Sec. 1.615-6  Election to deduct under section 615.

    (a) General rule. The election to deduct or defer exploration 
expenditures under section 615 shall be made in a statement filed with 
the director of the Internal Revenue service center with whom the 
taxpayer's income tax return is required to be filed. If the election is 
made within the time period prescribed for filing an income tax return 
(including extensions thereof) for the first taxable year ending after 
September 12, 1966, during which the taxpayer pays or incurs 
expenditures which are within the scope of section 615 and which are 
paid or incurred by him after September 12, 1966, this statement shall 
be attached to the taxpayer's income tax return for such taxable year. 

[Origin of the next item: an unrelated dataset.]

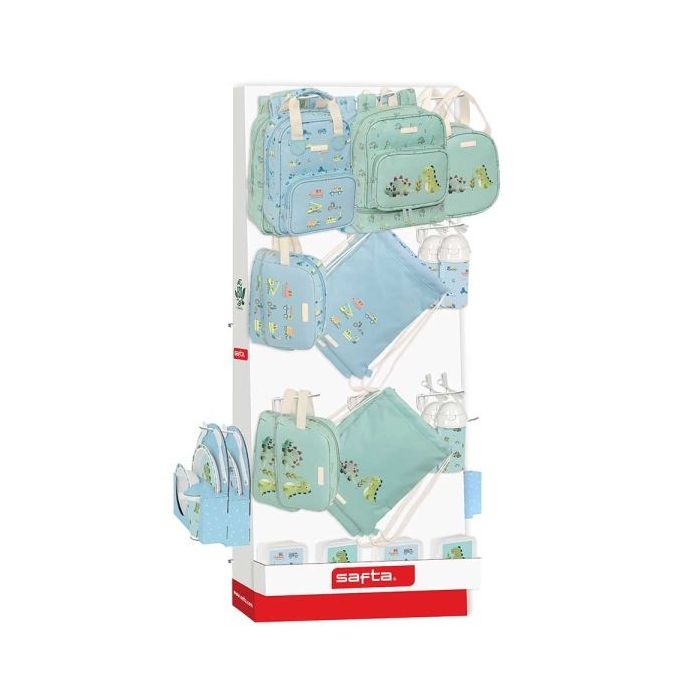 Safta Expositor con 10 Ganchos para Mochilas - Carton Reciclado - Estructura Robusta - Facil de Colocar - Presentacion Visual Atractiva - 650x280x1580mm - Colores Surtidos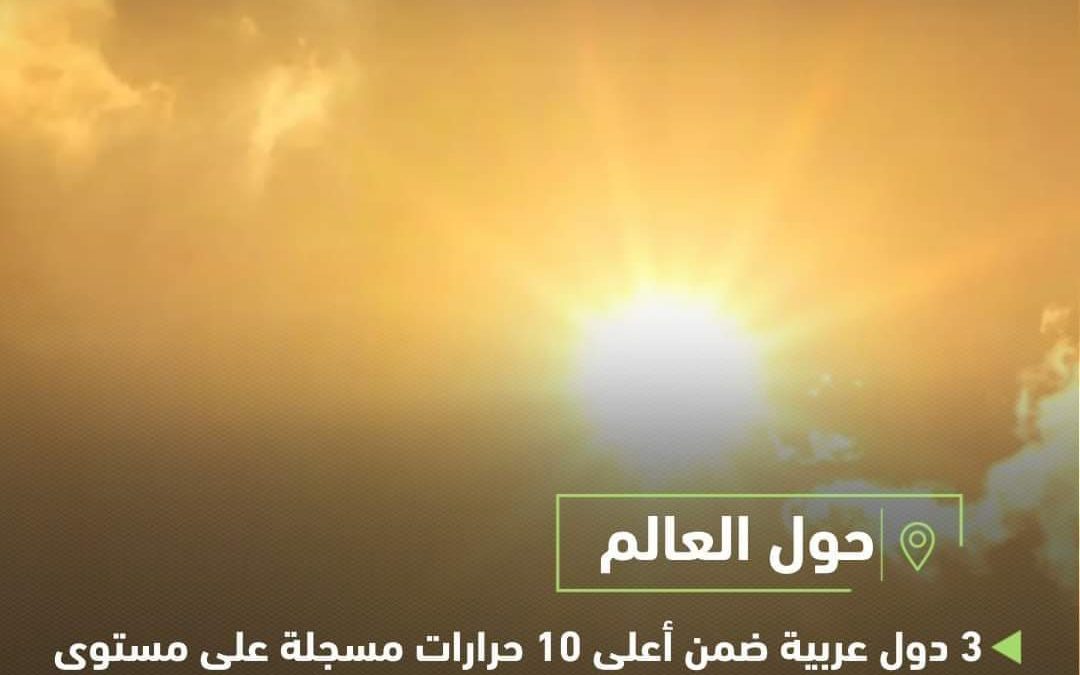الثلاث الدول العربية المسجلة أعلى حرارة بالعالم  الكويت – العراق- سلطنة عمان ..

If the election is made after the time prescribed for filing such return 
but before the expiration of the period (described in paragraph (e) of 
this section) for making the election under section 615(e), the 
statement must be signed by the taxpayer or his authorized 
representative. The statement shall be filed even though the taxpayer 
charges to capital account all such expenditures paid or incurred by him 
during such taxable year after such date. The statement shall clearly 
indicate that the taxpayer elects to have section 615 apply to all 
amounts deducted or deferred by him with respect to exploration 
expenditures paid or incurred after September 12, 1966, and before 
January 1, 1970. If the taxpayer desires, he may file this statement by 
attaching it to his return for a taxable year prior to the first taxable 
year ending after September 12, 1966, in which he pays or incurs 
exploration expenditures. Except as provided in paragraph (b) of this 
section, if the taxpayer does not file such a statement within the 
period prescribed by section 615(e) and paragraph (e) of this section, 
any amounts deducted by him with respect to exploration expenditures 
paid or incurred after September 12, 1966, will be deemed to have been 
deducted pursuant to an election under section 617(a).

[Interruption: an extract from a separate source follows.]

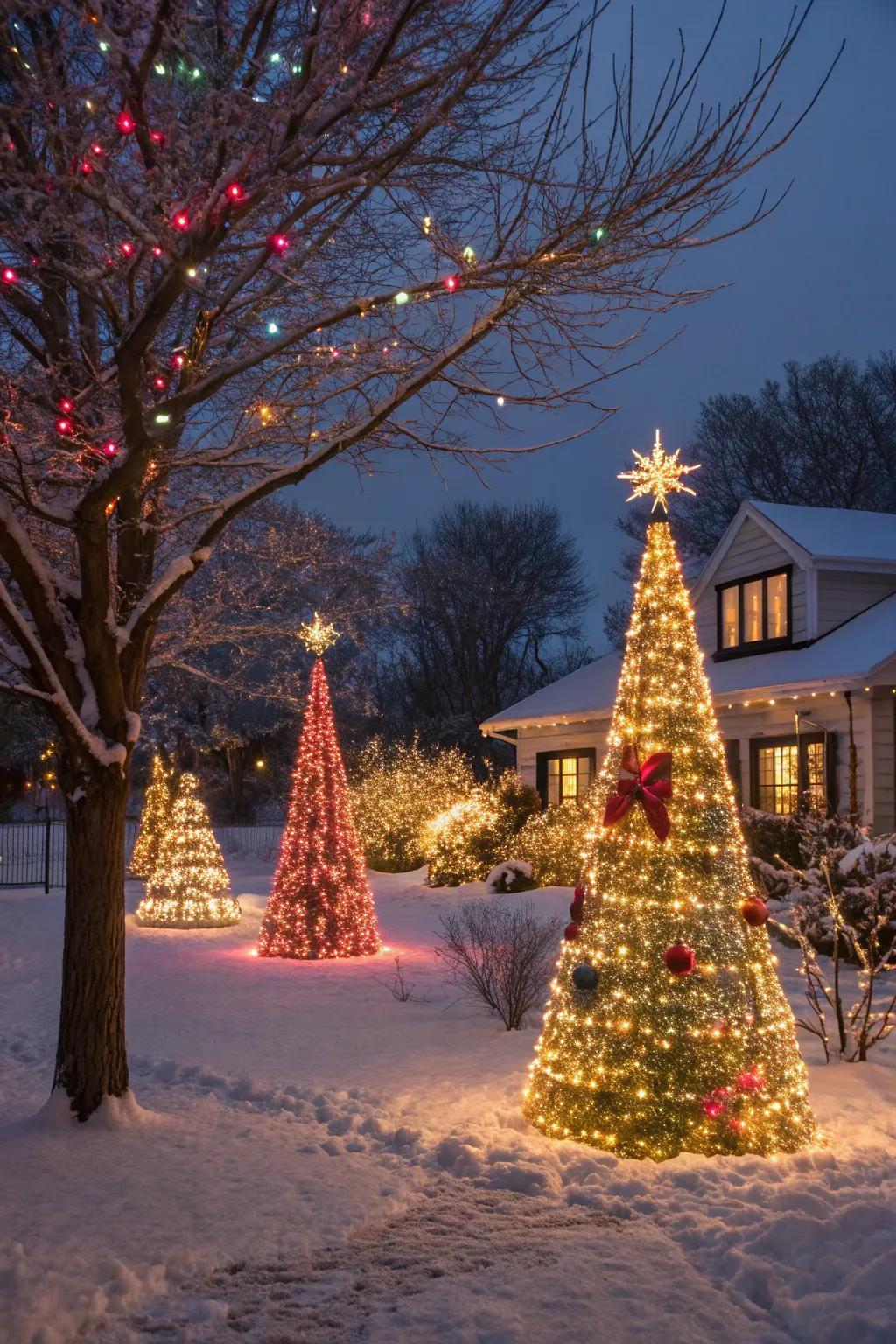 Animated light display trees adding dynamic flair to a festive garden display.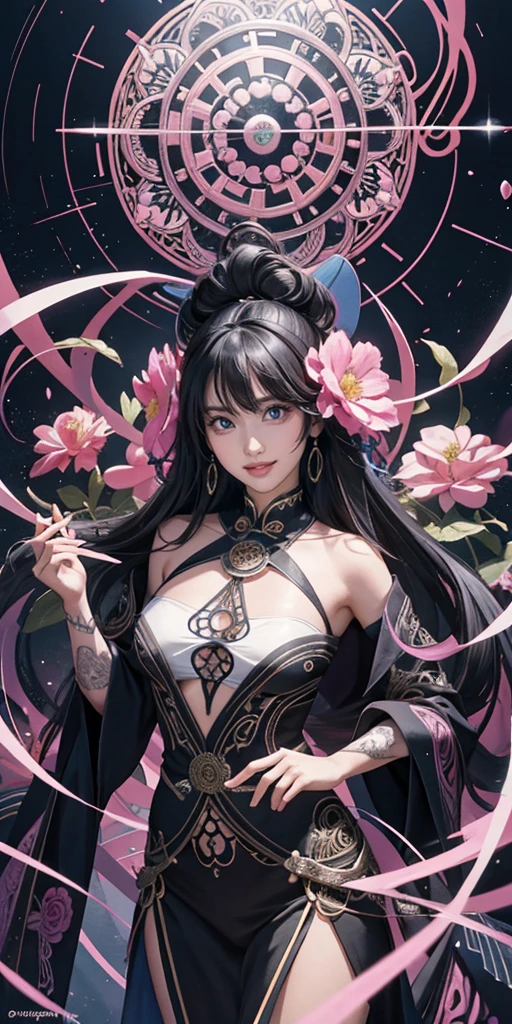 Official Art, unity 8k wallpaper, Super detailed, beautifully、aesthetic, masterpiece, Highest quality, Chinese style, (zenTangle, Mandala, Tangle, enTangle), Flower Ecstasy, One girl, Very detailed, Dynamic Angle, Cowboy Shot, The most beautiful form of chaos, elegant, Brutalist design, Vibrant colors, Romanticism, James Jean, Robbie Dowie Anton, Ross Tran, Francis Bacon, It was freezing cold, Adrian&#39;s genius, Petra Cortright, Gerhard Richter, takato yamamoto, Ashley Wood, Atmospheric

    (b) Exception. The last sentence of paragraph (a) of this section 
shall not apply if all exploration expenditures paid or incurred by the 
taxpayer after September 12, 1966, and before January 1, 1970, and 
deducted by him on his income tax return for the first taxable year 
ending after September 12, 1966, during which he pays or incurs such 
expenditures are outside the scope of section 617(a) (as it existed 
before its amendment by section 504(b) of the Tax Reform Act of 1969). 

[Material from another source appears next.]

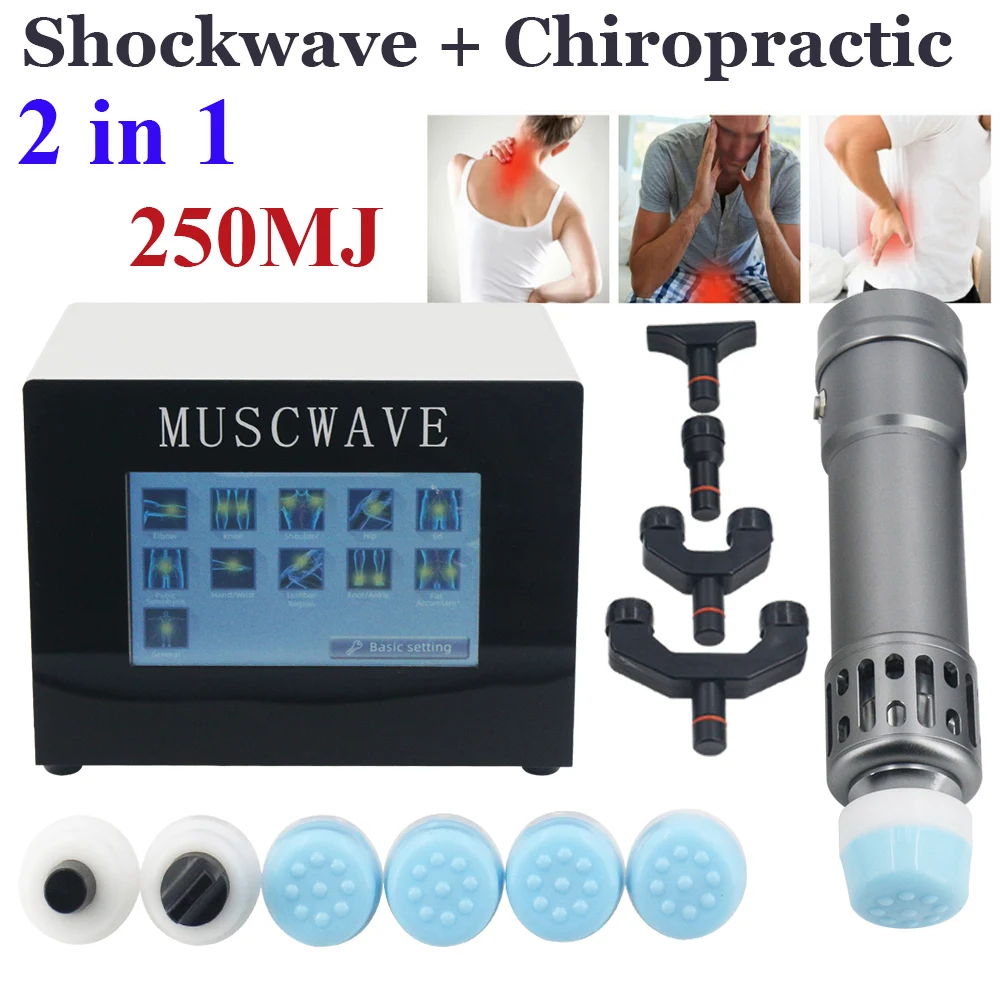 

Shockwave Therapy Machine For ED Treatment Tennis Elbow 2 in1 Shock Wave Chiropractic Adjustment Tool Pain Relief Body Massager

For example, assume that, in his return for his taxable year ending 
December 31, 1966, a calendar-year taxpayer deducts exploration 
expenditures paid or incurred after September 12, 1966, and does not 
attach to his return the statement described in paragraph (a) of this 
section. However, all of the exploration expenditures paid or incurred 
by the taxpayer after September 12, 1966, and before the end of the 
taxable year were paid or incurred with respect to minerals located 
neither in the United States nor on the Outer Continental Shelf. The 
taxpayer will be deemed to have made an election under section 615(e) by 
deducting all or part of those expenditures as expenses in his income 
tax return.
    (c) Information to be furnished. A taxpayer who makes or has made an 
election under section 615(e) with respect to expenditures paid or 
incurred after September 12, 1966, and before January 1, 1970, shall 
indicate clearly on his income tax return for each taxable year for 
which he deducts any such expenditures the amount of the deduction 
claimed under section 615 (a) or (b) with respect to each property or 
mine. The property or mine shall be identified by a description adequate 
to permit application of the rules of section

[[Page 515]]

615(g) (relating to effect of transfer of mineral property).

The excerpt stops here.